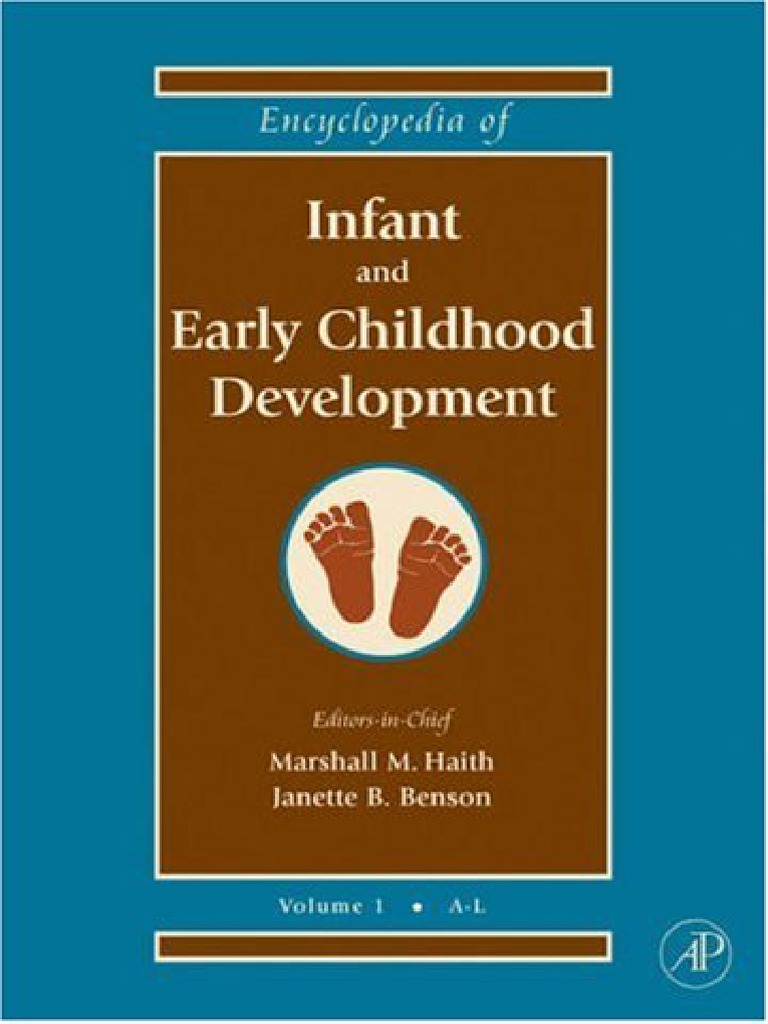 _Psychology_Encyclopedia_of_Infant_and_Early_Childhood_Development
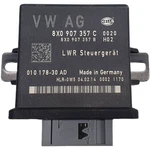 Audi Q7 Xenon Headlight Range Control Module 8X0907357C 2012-2015 Oem. Fixed Price $36.00.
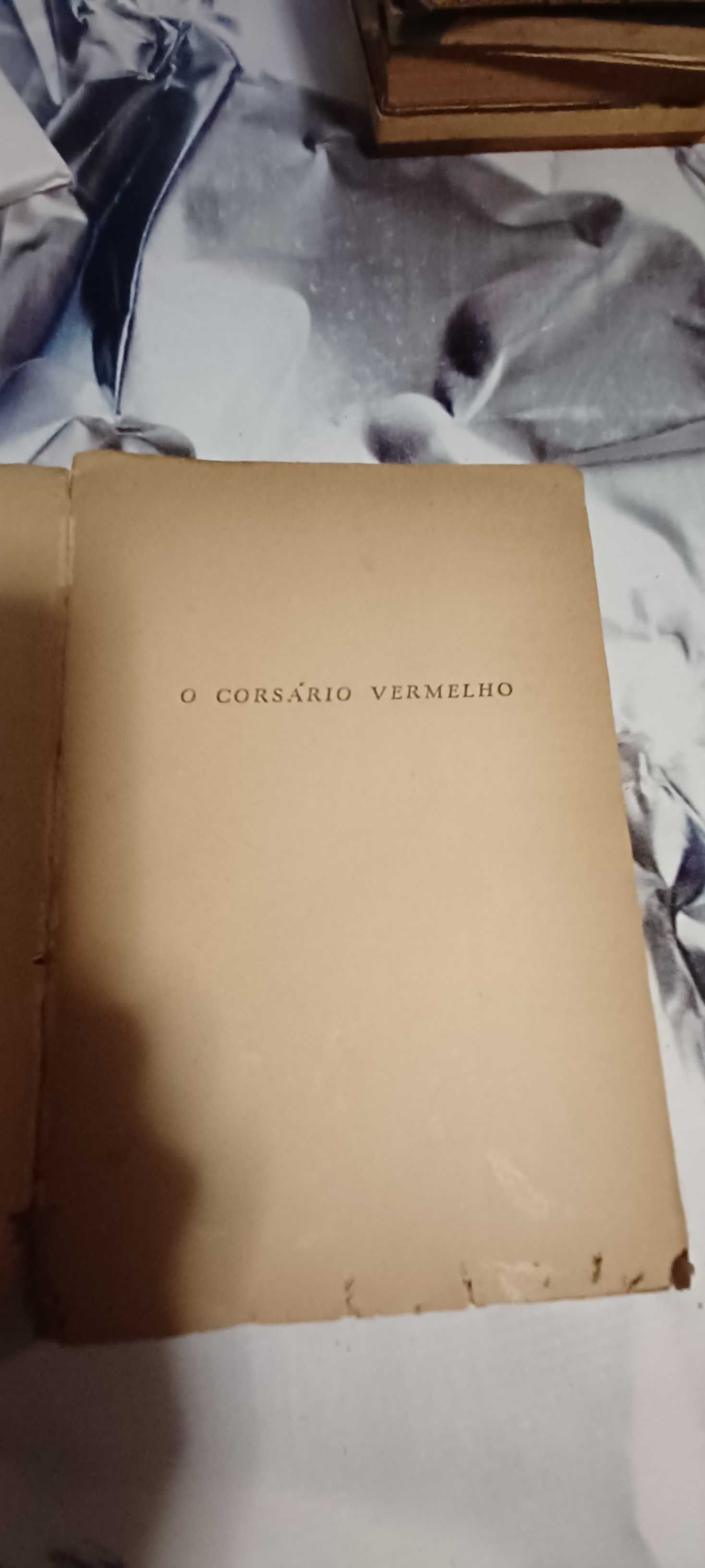 Descubra o Poder Transformador dos Livros! O Corsário Vermelho 1933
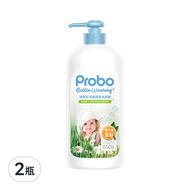 Probo 博寶兒 奶瓶蔬果洗潔精  650g  2瓶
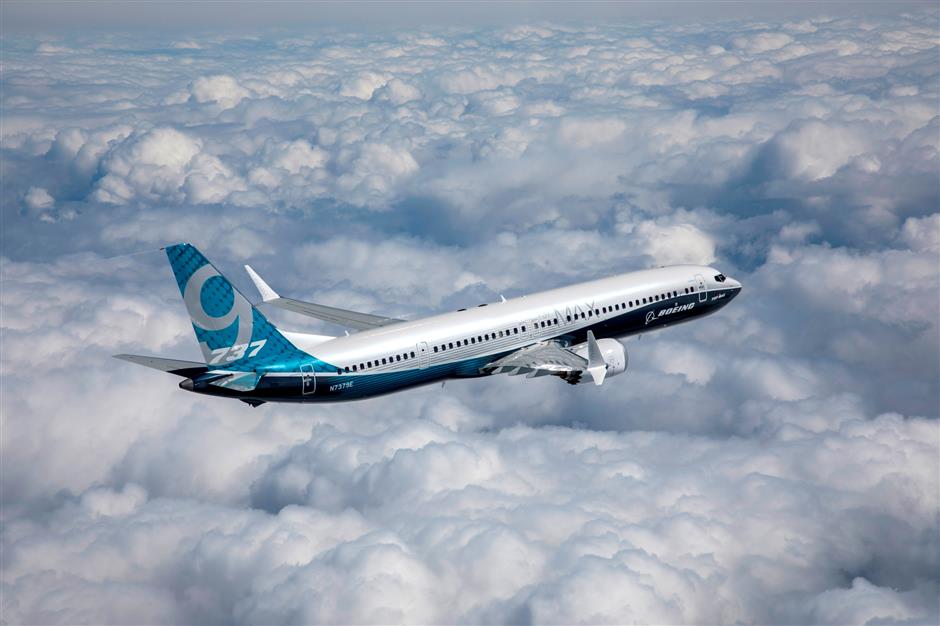 Boeing's new 737 MAX-9 aircraft certified for commercial service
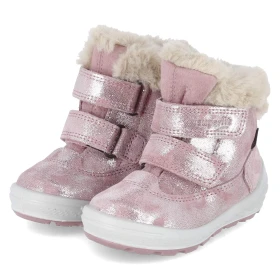 Stiefeletten GROOVY 2.0 - rosa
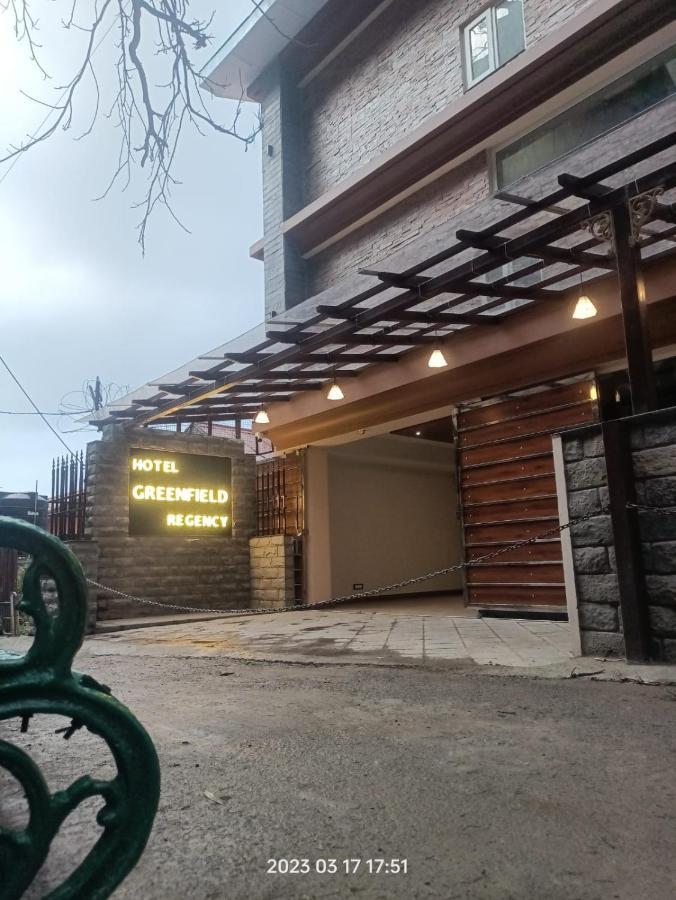 Greenfield Regency Hotel Shimla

★ ★ ★ ★ ★

WHAT TO PRODUCE>
Starting at the line that contains "Boeing's new 737", reproduce exactly and only the lines through the end of the entries above, with the pictures excluded.

RESPONSE AREA>
 Boeing's new 737 MAX-9 aircraft certified for commercial service
 Stiefeletten GROOVY 2.0 - rosa
 Greenfield Regency Hotel Shimla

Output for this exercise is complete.